Data records below:

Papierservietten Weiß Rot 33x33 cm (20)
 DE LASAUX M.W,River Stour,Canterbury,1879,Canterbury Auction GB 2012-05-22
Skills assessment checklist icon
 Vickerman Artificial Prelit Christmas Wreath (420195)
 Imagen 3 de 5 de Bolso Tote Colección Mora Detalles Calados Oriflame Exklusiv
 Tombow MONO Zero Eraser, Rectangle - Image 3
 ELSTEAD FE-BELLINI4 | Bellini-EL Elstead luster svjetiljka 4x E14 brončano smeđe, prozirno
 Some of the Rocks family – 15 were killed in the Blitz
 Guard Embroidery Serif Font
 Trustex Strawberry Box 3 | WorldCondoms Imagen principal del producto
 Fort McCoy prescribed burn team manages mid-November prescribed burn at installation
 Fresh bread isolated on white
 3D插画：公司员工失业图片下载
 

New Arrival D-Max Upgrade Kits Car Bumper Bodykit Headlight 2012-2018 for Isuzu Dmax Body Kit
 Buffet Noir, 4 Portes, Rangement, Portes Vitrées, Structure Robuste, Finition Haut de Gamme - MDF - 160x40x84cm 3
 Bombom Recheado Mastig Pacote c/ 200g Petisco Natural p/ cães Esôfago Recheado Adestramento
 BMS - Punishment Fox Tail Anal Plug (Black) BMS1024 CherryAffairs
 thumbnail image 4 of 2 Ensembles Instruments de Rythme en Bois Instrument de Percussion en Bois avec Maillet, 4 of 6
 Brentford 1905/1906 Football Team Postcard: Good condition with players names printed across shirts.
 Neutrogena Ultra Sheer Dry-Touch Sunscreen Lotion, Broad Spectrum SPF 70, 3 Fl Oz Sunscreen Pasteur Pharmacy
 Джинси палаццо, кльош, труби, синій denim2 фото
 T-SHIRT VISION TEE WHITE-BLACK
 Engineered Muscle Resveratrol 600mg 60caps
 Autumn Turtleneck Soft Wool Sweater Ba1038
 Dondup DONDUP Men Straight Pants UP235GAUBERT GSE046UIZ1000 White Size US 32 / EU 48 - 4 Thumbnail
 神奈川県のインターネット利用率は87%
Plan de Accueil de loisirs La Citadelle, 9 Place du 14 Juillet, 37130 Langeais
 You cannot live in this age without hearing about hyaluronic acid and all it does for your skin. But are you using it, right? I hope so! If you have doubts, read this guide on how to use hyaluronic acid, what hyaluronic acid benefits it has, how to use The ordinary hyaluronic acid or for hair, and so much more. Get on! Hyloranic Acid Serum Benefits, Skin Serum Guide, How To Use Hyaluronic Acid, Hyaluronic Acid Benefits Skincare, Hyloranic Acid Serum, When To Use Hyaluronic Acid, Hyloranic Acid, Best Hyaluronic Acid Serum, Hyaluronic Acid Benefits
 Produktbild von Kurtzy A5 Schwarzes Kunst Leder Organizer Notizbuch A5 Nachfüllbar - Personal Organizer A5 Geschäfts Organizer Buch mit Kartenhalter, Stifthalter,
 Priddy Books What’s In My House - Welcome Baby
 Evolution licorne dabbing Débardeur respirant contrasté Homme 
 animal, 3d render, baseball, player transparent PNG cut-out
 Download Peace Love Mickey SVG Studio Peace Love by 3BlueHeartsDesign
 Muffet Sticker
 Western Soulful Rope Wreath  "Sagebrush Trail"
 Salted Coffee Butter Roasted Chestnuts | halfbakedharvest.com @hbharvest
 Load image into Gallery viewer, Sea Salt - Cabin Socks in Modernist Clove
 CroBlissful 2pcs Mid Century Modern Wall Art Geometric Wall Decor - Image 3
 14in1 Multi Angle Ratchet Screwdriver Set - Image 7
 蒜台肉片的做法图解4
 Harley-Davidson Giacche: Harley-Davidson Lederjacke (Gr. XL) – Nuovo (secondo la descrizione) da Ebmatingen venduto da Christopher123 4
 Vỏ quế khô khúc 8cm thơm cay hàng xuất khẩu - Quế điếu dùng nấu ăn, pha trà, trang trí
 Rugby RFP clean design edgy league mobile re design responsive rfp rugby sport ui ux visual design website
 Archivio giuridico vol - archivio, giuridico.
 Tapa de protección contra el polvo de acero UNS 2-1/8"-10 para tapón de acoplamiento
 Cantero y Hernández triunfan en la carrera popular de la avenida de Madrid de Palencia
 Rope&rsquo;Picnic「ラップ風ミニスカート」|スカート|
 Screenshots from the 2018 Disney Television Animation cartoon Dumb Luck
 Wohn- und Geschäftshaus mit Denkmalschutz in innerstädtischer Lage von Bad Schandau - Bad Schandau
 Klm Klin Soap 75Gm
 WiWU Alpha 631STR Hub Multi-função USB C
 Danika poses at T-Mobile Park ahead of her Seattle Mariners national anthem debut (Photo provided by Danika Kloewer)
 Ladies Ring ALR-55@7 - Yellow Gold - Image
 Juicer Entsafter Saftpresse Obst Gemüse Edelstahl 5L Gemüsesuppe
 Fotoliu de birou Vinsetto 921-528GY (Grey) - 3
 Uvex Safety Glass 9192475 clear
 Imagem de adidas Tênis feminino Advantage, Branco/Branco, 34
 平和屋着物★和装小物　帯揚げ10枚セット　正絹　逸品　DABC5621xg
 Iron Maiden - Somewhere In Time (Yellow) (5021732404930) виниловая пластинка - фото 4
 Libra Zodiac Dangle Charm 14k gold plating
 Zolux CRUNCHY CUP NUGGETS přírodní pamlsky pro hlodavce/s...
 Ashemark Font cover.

End of Data records.

▸ **Work to be completed**
Repeat the listing. Keep every character the same.

▸ **Task solution**
Papierservietten Weiß Rot 33x33 cm (20)
 DE LASAUX M.W,River Stour,Canterbury,1879,Canterbury Auction GB 2012-05-22
Skills assessment checklist icon
 Vickerman Artificial Prelit Christmas Wreath (420195)
 Imagen 3 de 5 de Bolso Tote Colección Mora Detalles Calados Oriflame Exklusiv
 Tombow MONO Zero Eraser, Rectangle - Image 3
 ELSTEAD FE-BELLINI4 | Bellini-EL Elstead luster svjetiljka 4x E14 brončano smeđe, prozirno
 Some of the Rocks family – 15 were killed in the Blitz
 Guard Embroidery Serif Font
 Trustex Strawberry Box 3 | WorldCondoms Imagen principal del producto
 Fort McCoy prescribed burn team manages mid-November prescribed burn at installation
 Fresh bread isolated on white
 3D插画：公司员工失业图片下载
 

New Arrival D-Max Upgrade Kits Car Bumper Bodykit Headlight 2012-2018 for Isuzu Dmax Body Kit
 Buffet Noir, 4 Portes, Rangement, Portes Vitrées, Structure Robuste, Finition Haut de Gamme - MDF - 160x40x84cm 3
 Bombom Recheado Mastig Pacote c/ 200g Petisco Natural p/ cães Esôfago Recheado Adestramento
 BMS - Punishment Fox Tail Anal Plug (Black) BMS1024 CherryAffairs
 thumbnail image 4 of 2 Ensembles Instruments de Rythme en Bois Instrument de Percussion en Bois avec Maillet, 4 of 6
 Brentford 1905/1906 Football Team Postcard: Good condition with players names printed across shirts.
 Neutrogena Ultra Sheer Dry-Touch Sunscreen Lotion, Broad Spectrum SPF 70, 3 Fl Oz Sunscreen Pasteur Pharmacy
 Джинси палаццо, кльош, труби, синій denim2 фото
 T-SHIRT VISION TEE WHITE-BLACK
 Engineered Muscle Resveratrol 600mg 60caps
 Autumn Turtleneck Soft Wool Sweater Ba1038
 Dondup DONDUP Men Straight Pants UP235GAUBERT GSE046UIZ1000 White Size US 32 / EU 48 - 4 Thumbnail
 神奈川県のインターネット利用率は87%
Plan de Accueil de loisirs La Citadelle, 9 Place du 14 Juillet, 37130 Langeais
 You cannot live in this age without hearing about hyaluronic acid and all it does for your skin. But are you using it, right? I hope so! If you have doubts, read this guide on how to use hyaluronic acid, what hyaluronic acid benefits it has, how to use The ordinary hyaluronic acid or for hair, and so much more. Get on! Hyloranic Acid Serum Benefits, Skin Serum Guide, How To Use Hyaluronic Acid, Hyaluronic Acid Benefits Skincare, Hyloranic Acid Serum, When To Use Hyaluronic Acid, Hyloranic Acid, Best Hyaluronic Acid Serum, Hyaluronic Acid Benefits
 Produktbild von Kurtzy A5 Schwarzes Kunst Leder Organizer Notizbuch A5 Nachfüllbar - Personal Organizer A5 Geschäfts Organizer Buch mit Kartenhalter, Stifthalter,
 Priddy Books What’s In My House - Welcome Baby
 Evolution licorne dabbing Débardeur respirant contrasté Homme 
 animal, 3d render, baseball, player transparent PNG cut-out
 Download Peace Love Mickey SVG Studio Peace Love by 3BlueHeartsDesign
 Muffet Sticker
 Western Soulful Rope Wreath  "Sagebrush Trail"
 Salted Coffee Butter Roasted Chestnuts | halfbakedharvest.com @hbharvest
 Load image into Gallery viewer, Sea Salt - Cabin Socks in Modernist Clove
 CroBlissful 2pcs Mid Century Modern Wall Art Geometric Wall Decor - Image 3
 14in1 Multi Angle Ratchet Screwdriver Set - Image 7
 蒜台肉片的做法图解4
 Harley-Davidson Giacche: Harley-Davidson Lederjacke (Gr. XL) – Nuovo (secondo la descrizione) da Ebmatingen venduto da Christopher123 4
 Vỏ quế khô khúc 8cm thơm cay hàng xuất khẩu - Quế điếu dùng nấu ăn, pha trà, trang trí
 Rugby RFP clean design edgy league mobile re design responsive rfp rugby sport ui ux visual design website
 Archivio giuridico vol - archivio, giuridico.
 Tapa de protección contra el polvo de acero UNS 2-1/8"-10 para tapón de acoplamiento
 Cantero y Hernández triunfan en la carrera popular de la avenida de Madrid de Palencia
 Rope&rsquo;Picnic「ラップ風ミニスカート」|スカート|
 Screenshots from the 2018 Disney Television Animation cartoon Dumb Luck
 Wohn- und Geschäftshaus mit Denkmalschutz in innerstädtischer Lage von Bad Schandau - Bad Schandau
 Klm Klin Soap 75Gm
 WiWU Alpha 631STR Hub Multi-função USB C
 Danika poses at T-Mobile Park ahead of her Seattle Mariners national anthem debut (Photo provided by Danika Kloewer)
 Ladies Ring ALR-55@7 - Yellow Gold - Image
 Juicer Entsafter Saftpresse Obst Gemüse Edelstahl 5L Gemüsesuppe
 Fotoliu de birou Vinsetto 921-528GY (Grey) - 3
 Uvex Safety Glass 9192475 clear
 Imagem de adidas Tênis feminino Advantage, Branco/Branco, 34
 平和屋着物★和装小物　帯揚げ10枚セット　正絹　逸品　DABC5621xg
 Iron Maiden - Somewhere In Time (Yellow) (5021732404930) виниловая пластинка - фото 4
 Libra Zodiac Dangle Charm 14k gold plating
 Zolux CRUNCHY CUP NUGGETS přírodní pamlsky pro hlodavce/s...
 Ashemark Font cover.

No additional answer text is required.